Locate the line bearing "Show off - The Celeb Handler — CHYOA" in the material below, then reproduce it and each following line up to and including the line bearing "Durch den Landschaftsgärtner".

DATA FOR THE TASK -
*** Begin section ***

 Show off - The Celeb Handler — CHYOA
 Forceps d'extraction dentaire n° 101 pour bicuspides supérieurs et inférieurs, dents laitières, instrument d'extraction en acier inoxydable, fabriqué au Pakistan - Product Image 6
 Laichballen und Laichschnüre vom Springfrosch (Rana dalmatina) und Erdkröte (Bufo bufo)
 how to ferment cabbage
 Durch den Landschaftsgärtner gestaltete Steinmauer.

*** End section ***
*** Begin section ***

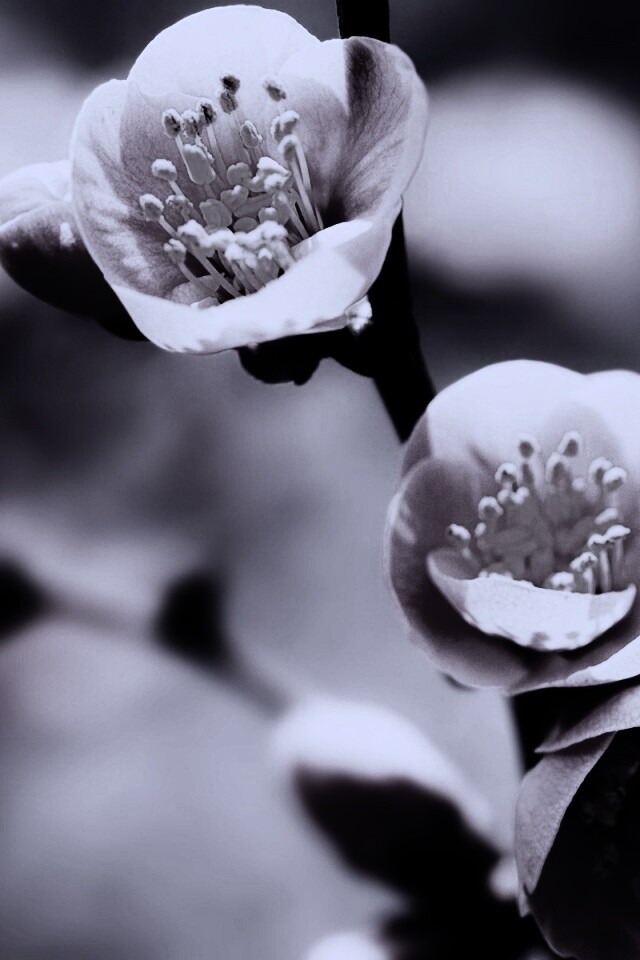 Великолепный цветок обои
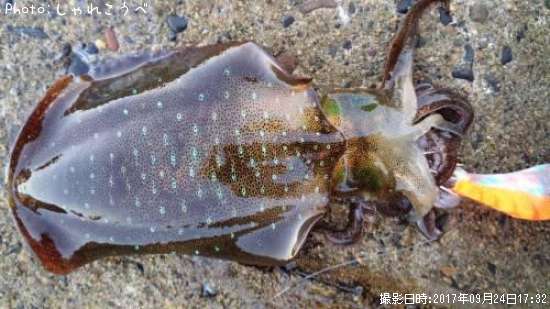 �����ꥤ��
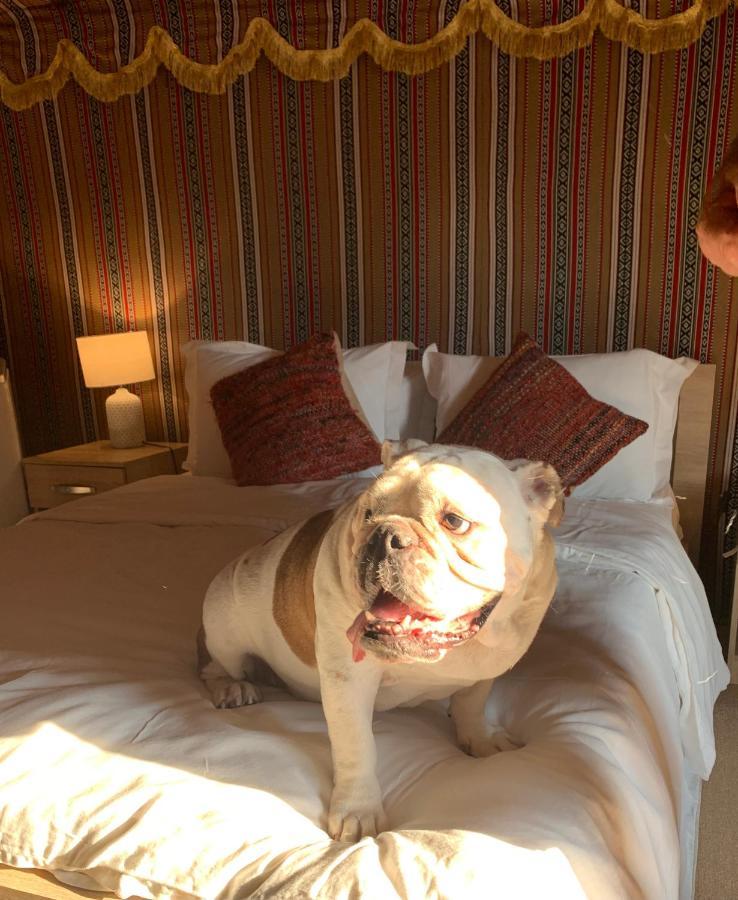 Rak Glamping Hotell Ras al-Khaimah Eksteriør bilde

*** End section ***

RESULT -
 Show off - The Celeb Handler — CHYOA
 Forceps d'extraction dentaire n° 101 pour bicuspides supérieurs et inférieurs, dents laitières, instrument d'extraction en acier inoxydable, fabriqué au Pakistan - Product Image 6
 Laichballen und Laichschnüre vom Springfrosch (Rana dalmatina) und Erdkröte (Bufo bufo)
 how to ferment cabbage
 Durch den Landschaftsgärtner gestaltete Steinmauer.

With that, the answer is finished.